If you're traveling back to Appaloosa or Chattanooga or San Francisco before the real tourney begins, then the pinnacle of your stay in Augusta might be the nine-hole Par-3 Contest on Wednesday.

When the par-3 grounds are closed to the public, they hold a lovely sober loneliness, an open space comfortable being by itself, that revels in its own big blue sky. It smells like green and feels like a giant hush. But when the course opens and the first chair-setters come trickling in like cautious rabbits through a carrot patch, it transforms into an amphitheater, into a place accustomed to being used and loved; it becomes a thing rubbed pink. As the grounds fill, the people jewel the lawn in a thousand shapes and colors. Some of the men wear bright polos and Ping visors and golf shoes. Some could be confused with the pros they emulate. Others could not.

The older people come first. With that same import of securing the freshest bread rolls at an early-bird dinner, and they set their chairs down smack outside the ropes.

The heart of the Par-3 is the land circling Ike's Pond, where tee shots from the eighth and ninth holes crisscross to their respective greens on opposite sides of the water.

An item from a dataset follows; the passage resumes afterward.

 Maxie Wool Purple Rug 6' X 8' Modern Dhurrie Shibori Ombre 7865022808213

It's a sweeping scene, a scope that even 10 snaps from a panoramic camera laid end to end could never capture.

Just like school, where there are the students who get to class early, sit in the front and pay rapt attention, so there are also the hooligans, the kids who hang in the shadows, smoking strong cigarettes and nipping sips of warm beer from water bottles.

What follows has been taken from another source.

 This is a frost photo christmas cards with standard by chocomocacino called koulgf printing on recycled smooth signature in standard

Way back, far from the ropes and under the shade of a large pine, there's a couple of Cajun boys, two brothers from Breaux Bridge, La., who found out they'd be Masters-bound while on a duck blind.

"My wife went through a ticket broker, and she scored two tickets for the Par-3! Which I've always wanted to see. It was an anniversary present. She lets me know I haven't even begun to recoup," says Tommy Huval, 48, an insurance broker.

He's here with brother Dale, 44, who adds that he's transfixed by "the complete tranquility of the place. Wow. I can only imagine what it's like for the members when nobody's here. Wow."

How much are those tickets worth to Tommy? "To be here, at Augusta National, with my kid brother. It's just absolutely priceless."

Dale says the best part about the Par-3 is that the players are loose, and though they have their game faces on, it's not that serious -- a game face in cartoonland, perhaps. Dale overheard Gary Player on one hole, after sticking the ball two feet shy of the pin, say to playing partner Trevor Immelman, "Trev, if you put it inside of that, I'll kiss your ass on the city steps!" Dale says the crowd just went wild.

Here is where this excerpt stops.